TASK GOAL » Your answer must be the full set of records, copied exactly, with no pictures in it.

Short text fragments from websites
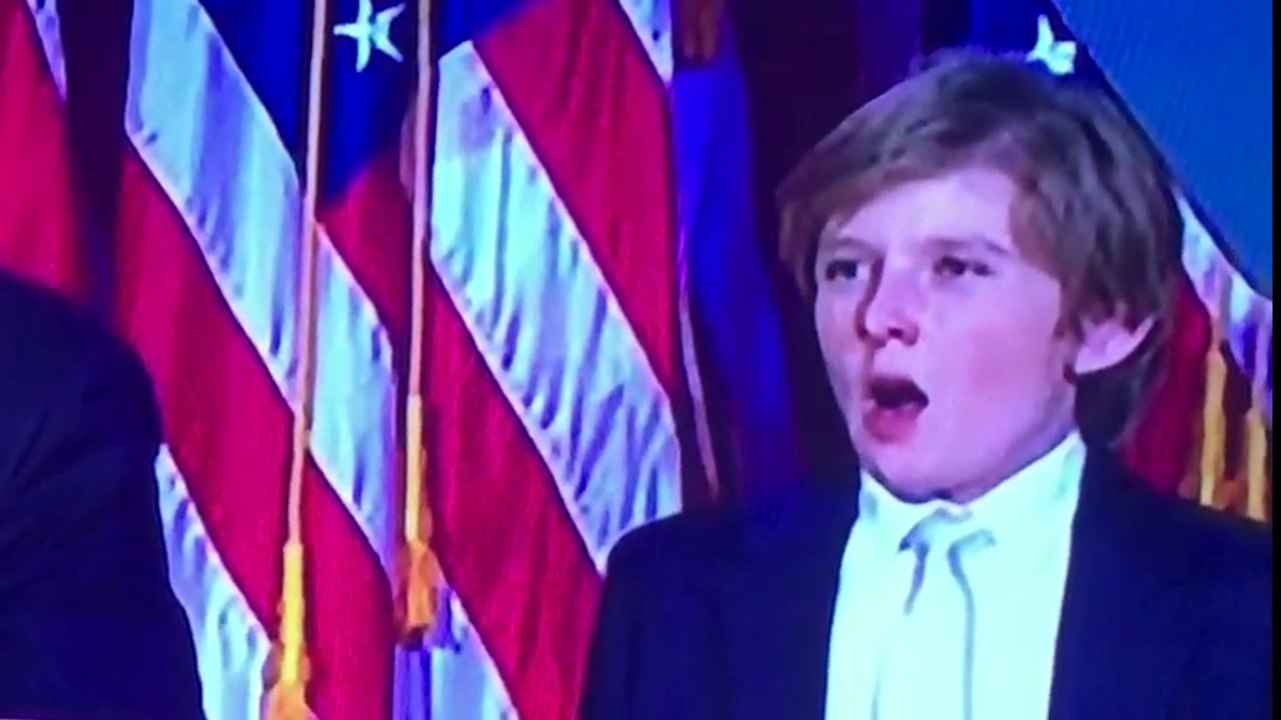 Barron se duerme con papá Trump: ¡bostezo y parpadeo virales!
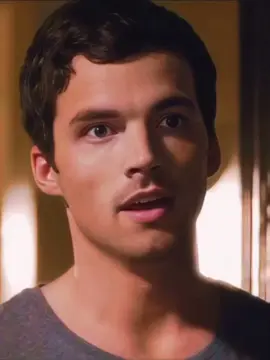 Unexpected edit but im a secret ezra fan 🤭 #fy #fyp #viral #pll #prettylittleliars #ezra #ezrafitz #wesleyfitzgerald #ezraedit #blowup? 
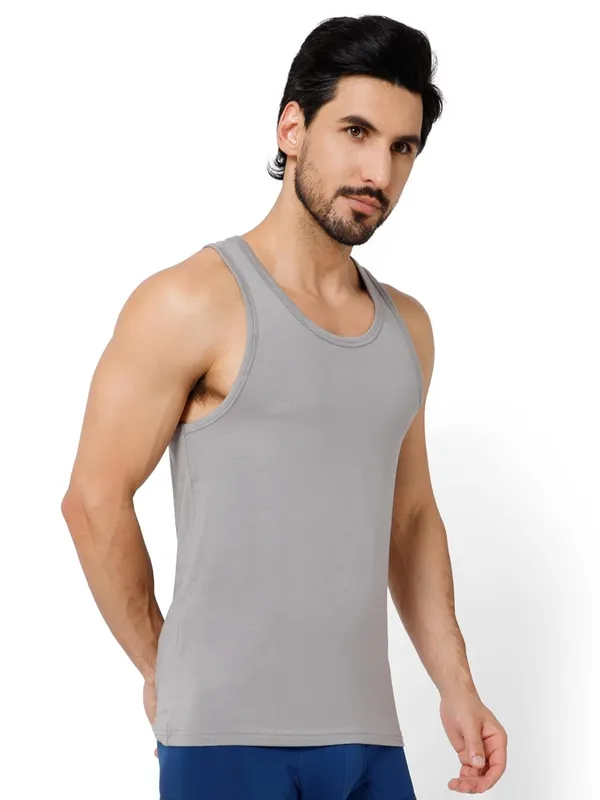 OXYZONE_Men's_Pima_Cotton_Vest_Super_Soft_Solid_Round_Neck_Sleeveless_Baniyan_Innerwear_for_Men,_Breathable,_Odour-Free,_Anti_Bacterial_Finish_Regular_Fit_Undershirt
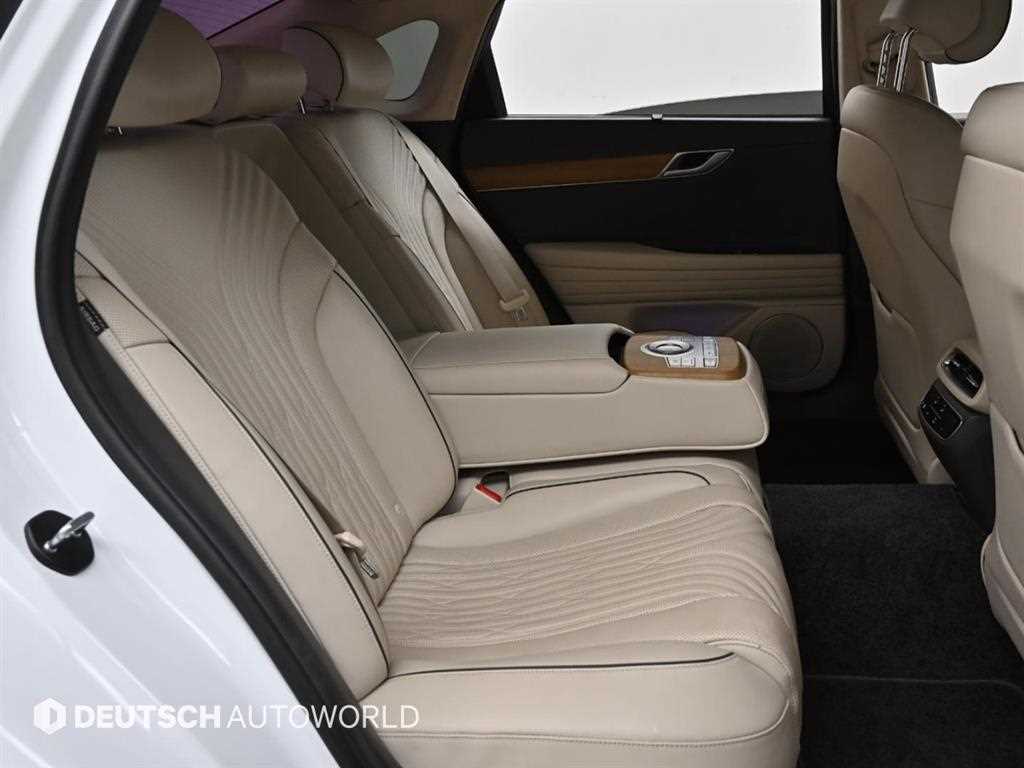 Genesis G80 - Vista 12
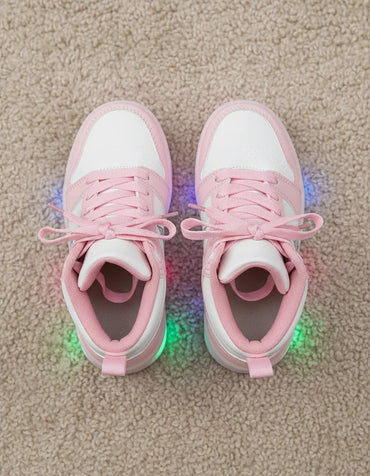 SuperShoes: Botas con luces, ¡estilo viral!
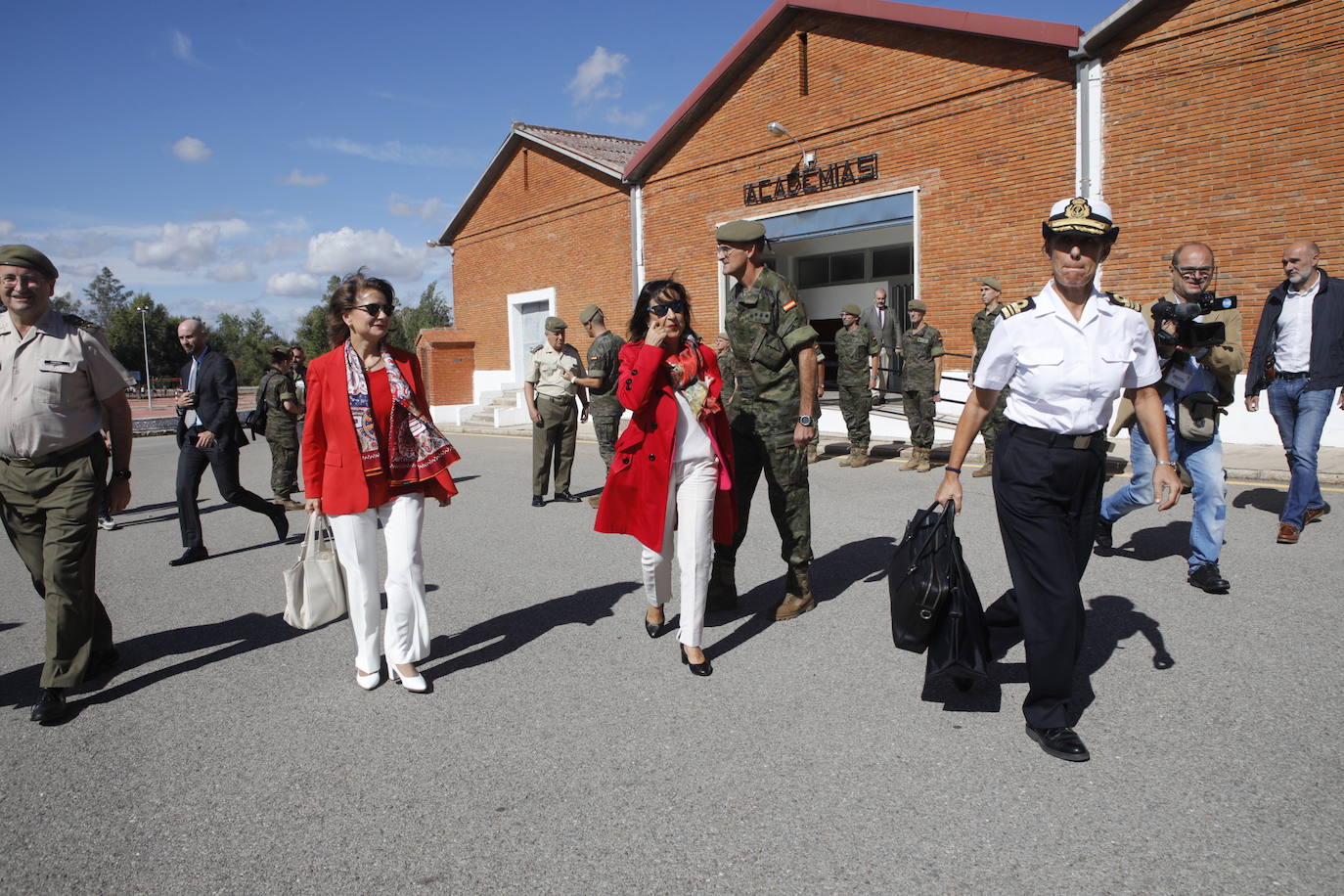 La visita de la ministra de Defensa a Cáceres, en imágenes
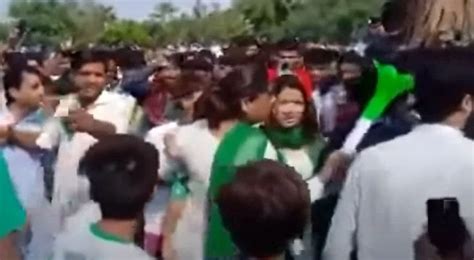 Another Girl Faces Harassment At Minar E Pakistan Video Goes Viral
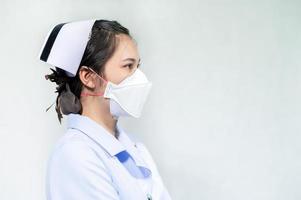 gli infermieri indossano maschere per proteggersi dal coronavirus covid19 foto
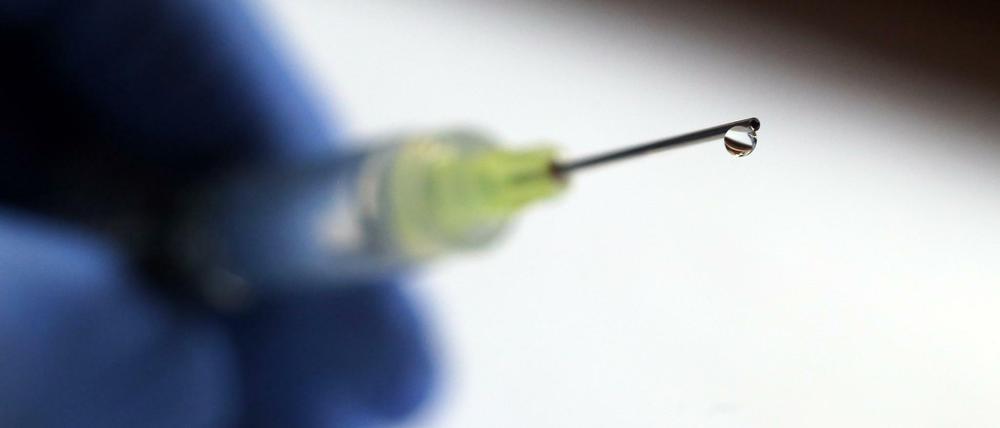 Wird der Impfstoff gegen das Coronavirus, wenn es denn alsbald einen geben sollte, eine Spritze sein? Wenn der Pharmakonzern J&J erfolgreich sein sollte, dann wohl schon.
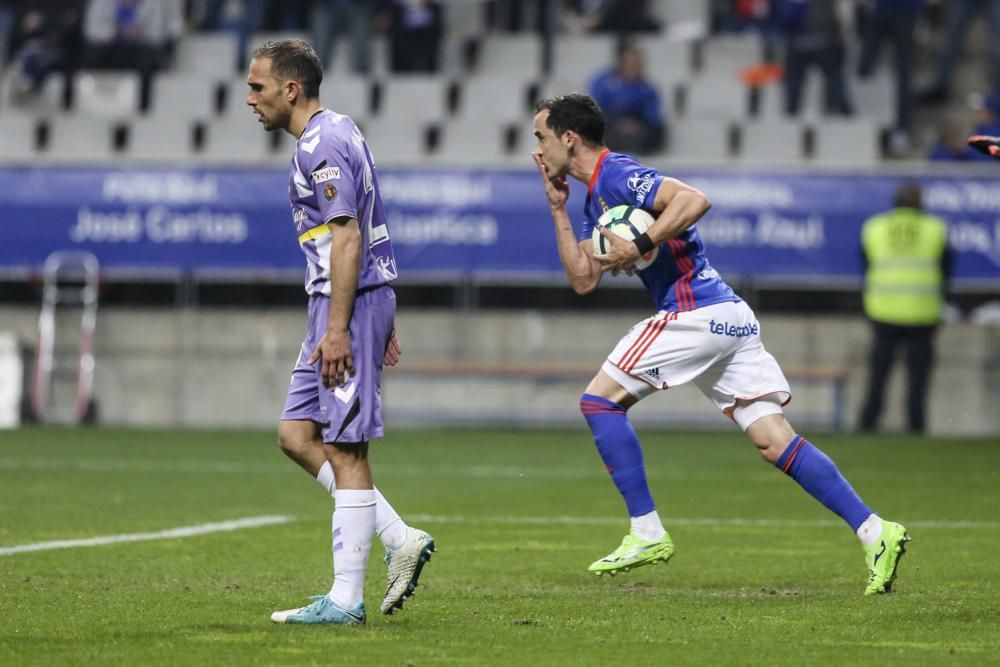 El partido entre el Real Oviedo y el Real Valladolid, en imágenes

COMPLETED TASK »
 Barron se duerme con papá Trump: ¡bostezo y parpadeo virales!
 Unexpected edit but im a secret ezra fan 🤭 #fy #fyp #viral #pll #prettylittleliars #ezra #ezrafitz #wesleyfitzgerald #ezraedit #blowup? 
 OXYZONE_Men's_Pima_Cotton_Vest_Super_Soft_Solid_Round_Neck_Sleeveless_Baniyan_Innerwear_for_Men,_Breathable,_Odour-Free,_Anti_Bacterial_Finish_Regular_Fit_Undershirt
 Genesis G80 - Vista 12
 SuperShoes: Botas con luces, ¡estilo viral!
 La visita de la ministra de Defensa a Cáceres, en imágenes
 Another Girl Faces Harassment At Minar E Pakistan Video Goes Viral
 gli infermieri indossano maschere per proteggersi dal coronavirus covid19 foto
 Wird der Impfstoff gegen das Coronavirus, wenn es denn alsbald einen geben sollte, eine Spritze sein? Wenn der Pharmakonzern J&J erfolgreich sein sollte, dann wohl schon.
 El partido entre el Real Oviedo y el Real Valladolid, en imágenes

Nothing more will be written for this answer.